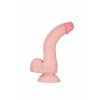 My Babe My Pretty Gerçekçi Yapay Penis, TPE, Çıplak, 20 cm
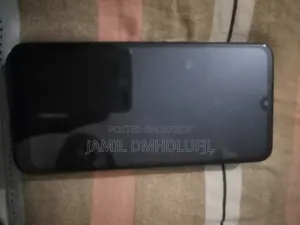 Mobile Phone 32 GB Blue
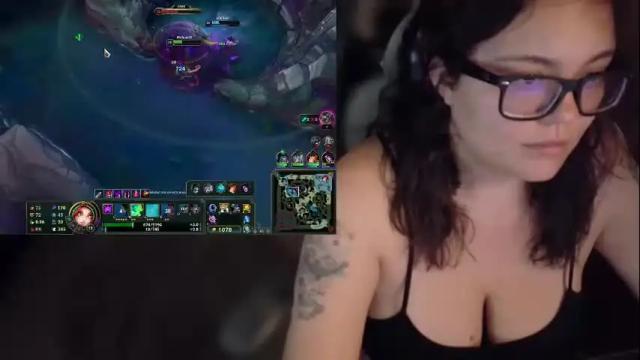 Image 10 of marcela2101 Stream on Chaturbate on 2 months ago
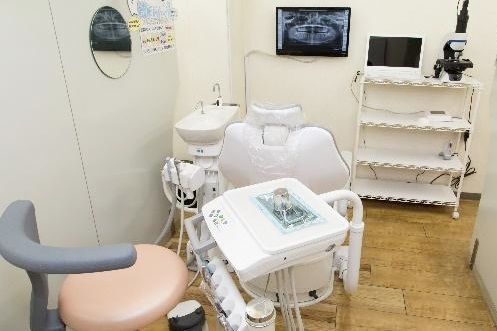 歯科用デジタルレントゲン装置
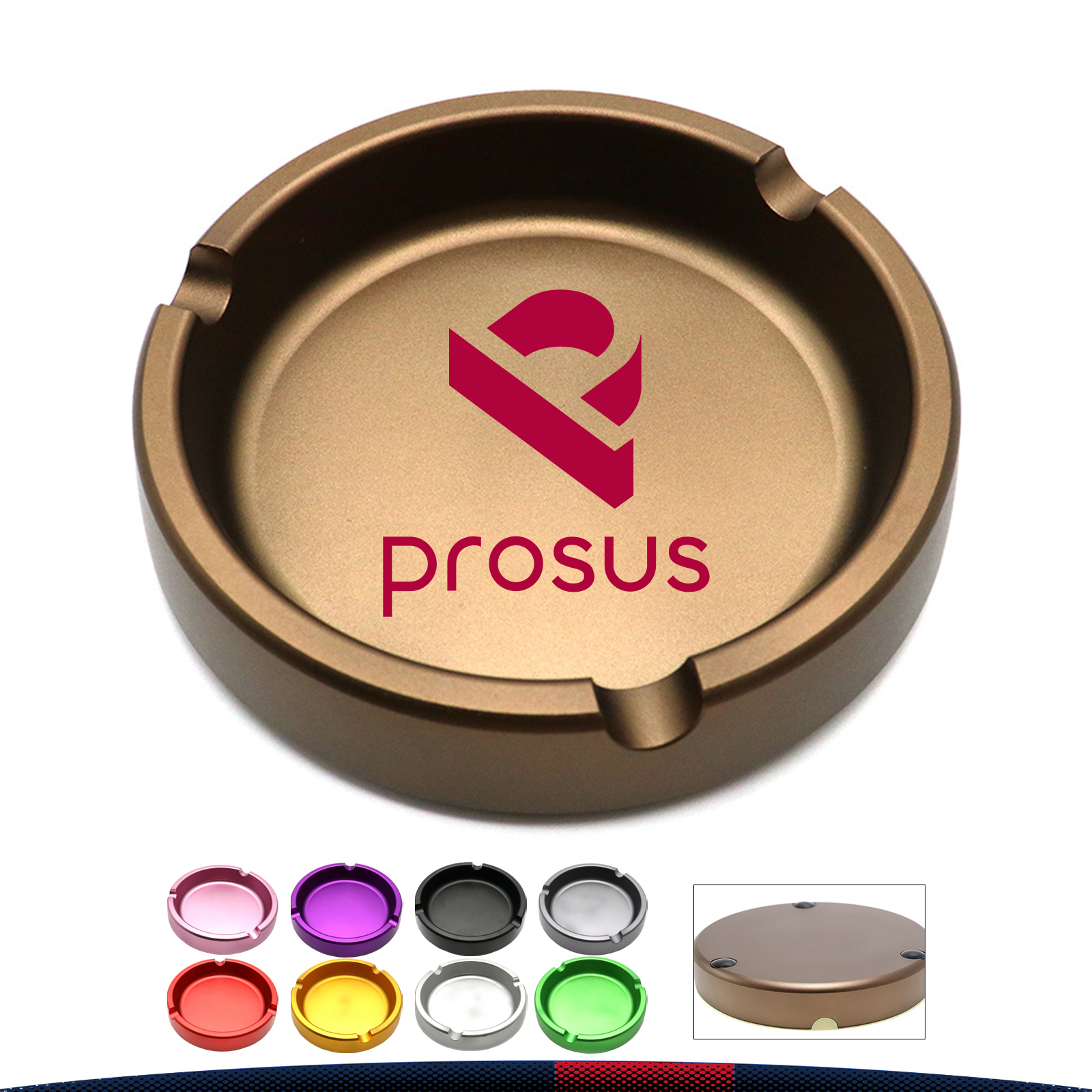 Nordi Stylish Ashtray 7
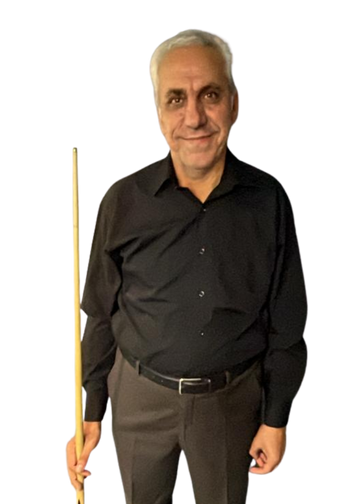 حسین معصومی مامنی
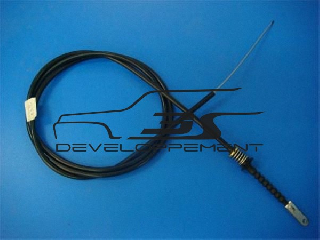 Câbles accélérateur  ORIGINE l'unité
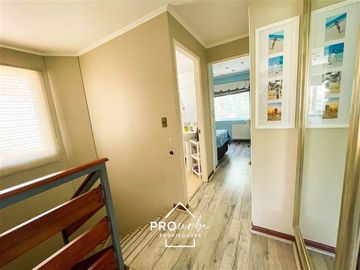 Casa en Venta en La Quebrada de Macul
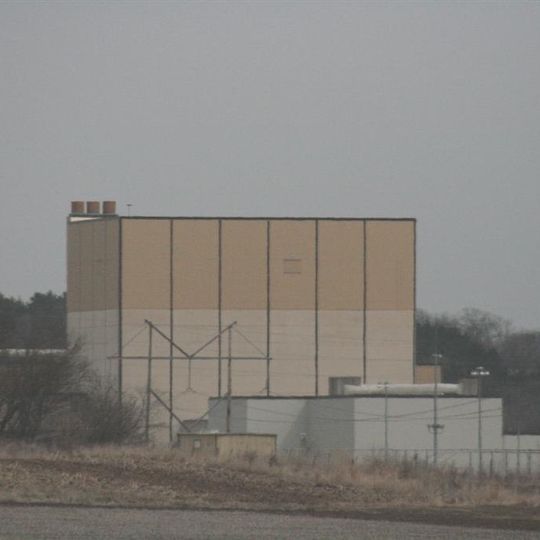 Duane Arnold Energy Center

* * *

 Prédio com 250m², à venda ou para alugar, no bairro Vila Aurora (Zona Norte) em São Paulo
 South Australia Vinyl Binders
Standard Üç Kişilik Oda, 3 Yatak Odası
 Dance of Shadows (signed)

---

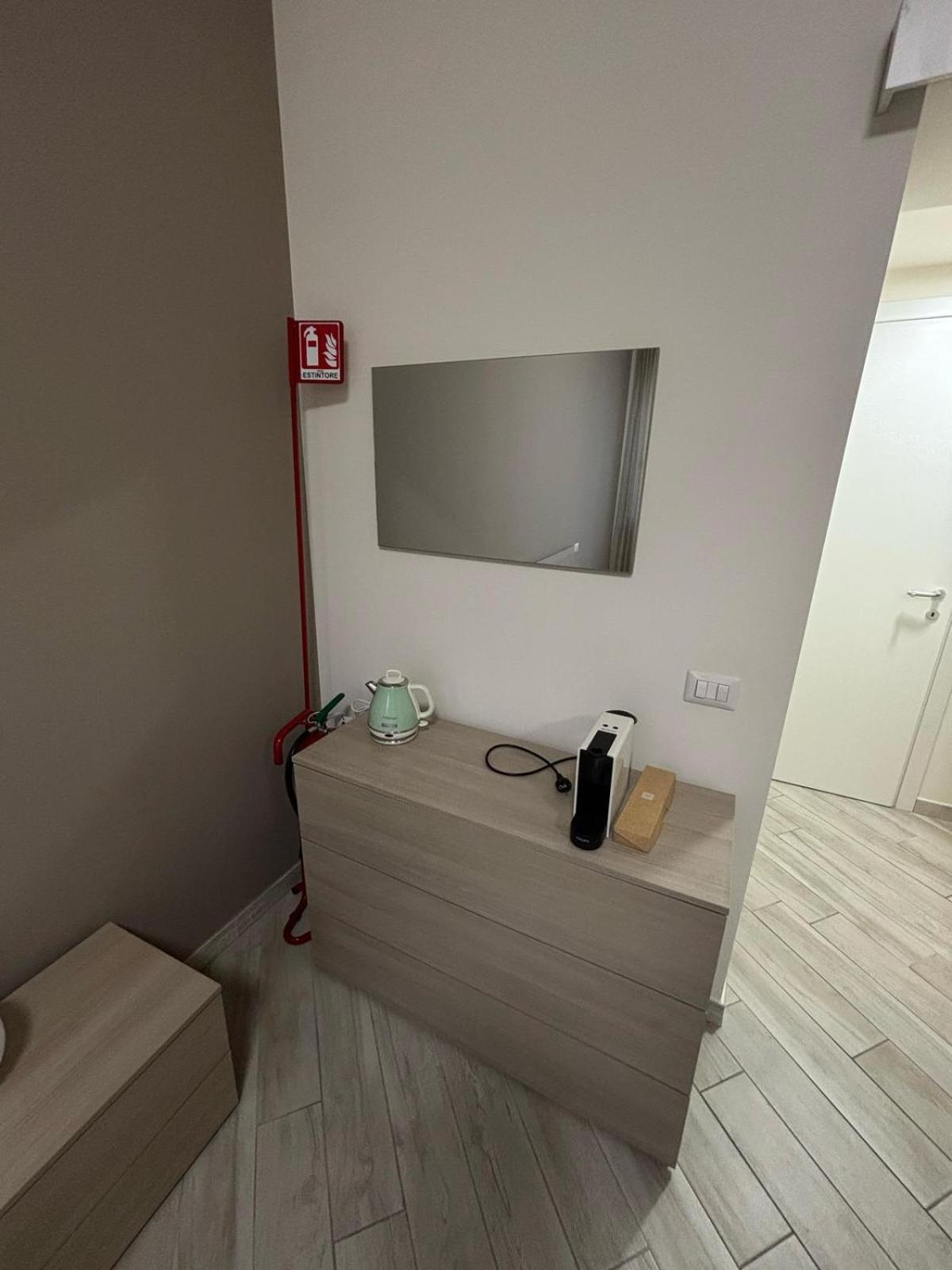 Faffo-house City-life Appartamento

# [EXERCISE PROMPT]
Set the pictures aside and transcribe exactly the stretch of lines above, beginning with the one holding "My Babe My Pretty" and ending with the one holding "Duane Arnold Energy Center".

# [SOLUTION TO THE PROBLEM]
 My Babe My Pretty Gerçekçi Yapay Penis, TPE, Çıplak, 20 cm
 Mobile Phone 32 GB Blue
 Image 10 of marcela2101 Stream on Chaturbate on 2 months ago
 歯科用デジタルレントゲン装置
 Nordi Stylish Ashtray 7
 حسین معصومی مامنی
 Câbles accélérateur  ORIGINE l'unité
 Casa en Venta en La Quebrada de Macul
 Duane Arnold Energy Center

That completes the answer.